We feel that 90 percent of parity would give us a fair return for the investment and labor involved in our industry, so that we may further secure the Nation's agriculture for today and for the future. We feel that this is neither an excessive nor an exorbitant demand, but rather a request which embodies a realistic approach to the poultrymen's problem. January 1954 through June 1955 was a decidedly ruinous period for egg producers, a period during which a disastrous egg-feed ratio existed.

It will take time to overcome the effects of this period. Buying power of poultry farmers was and still is drastically curtailed. Our rural communities and local businesses have felt and are continuing to feel the effects of lower farm income. Poultry farmers have stretched their sources of credit and their credit ratings to the limit. The attitude of the commercial banks in the area toward poultry farmers is one of extreme caution.

We poultry farmers are completely disgusted and disheartened that both political parties, once every 4 years, use us as a football. We would like the same consideration given to poultry farmers as the Government has been giving to other farm groups and to other lobby groups. Now we are asking for fairness, understanding, and consideration.
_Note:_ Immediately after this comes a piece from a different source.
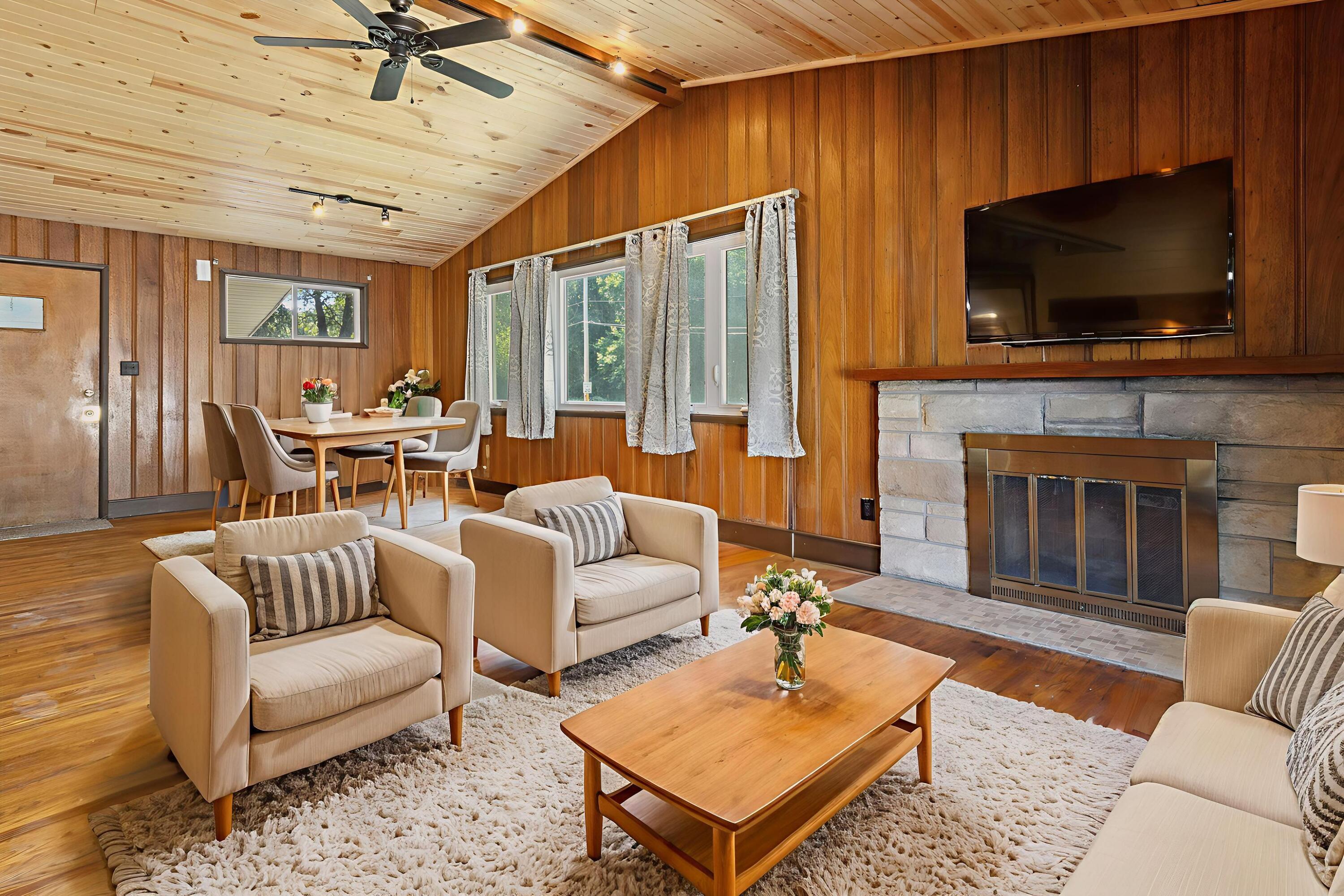 7800 Juniper Avenue Gary, IN 46403 - Photo 8 of 30 a living room with fireplace furniture and a flat screen tv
We hope that we poultrymen will never have to come to our Government with demands.

STATEMENT FILED BY JACK B. BISHOP, STEUBEN AREA POTATO COUNCIL,

WAYLAND, N. Y.

The Steuben Area Potato Council requested time to present their views to you today. But have not received a reply. We respectfully request that you read this telegram to your group and have it inserted in their records as our statement. Our area grows over half of all potatoes grown in upstate New York. We are convinced that there will be a farm program for a long time to come, and we demand comparable protection to that afforded other farmers. As we see it the only way to protect potato growers from diverted acres is to establish acreage allotments for potatoes without going into detail.
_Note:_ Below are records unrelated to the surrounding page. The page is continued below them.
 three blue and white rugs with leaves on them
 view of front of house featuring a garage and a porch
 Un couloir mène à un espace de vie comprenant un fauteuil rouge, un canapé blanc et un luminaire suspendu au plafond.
We favor legislation similar to S. 2634 introduced at the 81st Congress in 1949 with some important revisions including a national market agreement or similar legislation to withhold low grades, provision for shipping holidays, standby diversion plants, strict control of imports, and a check of system to provide money for research and promotion on a national scale.

If we have the machinery to hold our production somewhere near in line with demand we can then siphon off the small but inevitable surplus through marketing agreements, and will not necessarily need price support except for moderate diversion payments occasionally. We have no faith in any voluntary approach. The ineffectiveness of acreage grades has been demonstrated this year. Potato growers are in a very serious financial condition, are worse than at any time in their history, and the smaller ones will be taken over by large corporate interests. We urge that your committee give potatoes equal treatment in any new farm legislation.

Regarding the overall surplus problem suggest that you consider raising the support level and drastically cutting acreage until the surplus has been brought down to the desired level. In this way the farmers income will be maintained and the Government will be able to sell its surplus at prices that will not show a loss. Possibly a two-price system would be needed to carry this suggestion out. We have faith that your committee will find the answers to many of the problems that are causing such great depression in agriculture when the rest of the economy is enjoying unprecedented prosperity.